Essas novas diretrizes delineiam “amplos pacotes para HIV” para prevenção, diagnóstico, tratamento e cuidados para as cinco populações-chave e tratam de assuntos específicos e necessidades dos adolescentes desses grupos. Isso inclui medidas para gerenciar melhor a saúde sexual e reprodutiva, saúde mental, e co-infecções, tais como tuberculose e hepatite. Elas destacam a necessidade de programas de agulhas e seringas e a terapia substitutiva de opióides, e incluem recomendações para tratamento de overdose na comunidade.  

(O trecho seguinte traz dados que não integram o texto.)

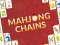 Hra Mahjong Chains online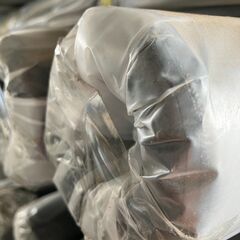 【在庫処分品】農業用マルチ【訳アリ】の画像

Na Conferência internacional sobre AIDS 2014, em Melbourne, a OMS convocará os países para re-energizar e fortalecer os programas sobre HIV de modo que todas as populações-chave possam se beneficiar dos avanços existentes na ampliação de tratamentos e programas sobre o HIV.

*Populações-chave são grupos definidos que, devido ao comportamento de alto risco, estão sob crescente risco de contrair o HIV independente do tipo epidêmico ou contexto local.  Além disso, elas geralmente possuem questões legais e sociais relacionados aos seus comportamentos que aumentam sua vulnerabilidade ao HIV. Essas diretrizes têm seu foco em cinco populações-chave.

** A profilaxia pré-exposição é um modo pelo qual pessoas que não tem HIV, mas que estão sob alto risco de contraí-lo, se previnem tomando uma única pílula (geralmente uma combinação de dois antirretrovirais) todo dia. Essa profilaxia, quando realizada consistentemente, tem mostrado uma redução do risco á infecção por HIV nas pessoas que estão sob alto risco de até 92%. Porém é menos eficiente se não for realizada com consistência.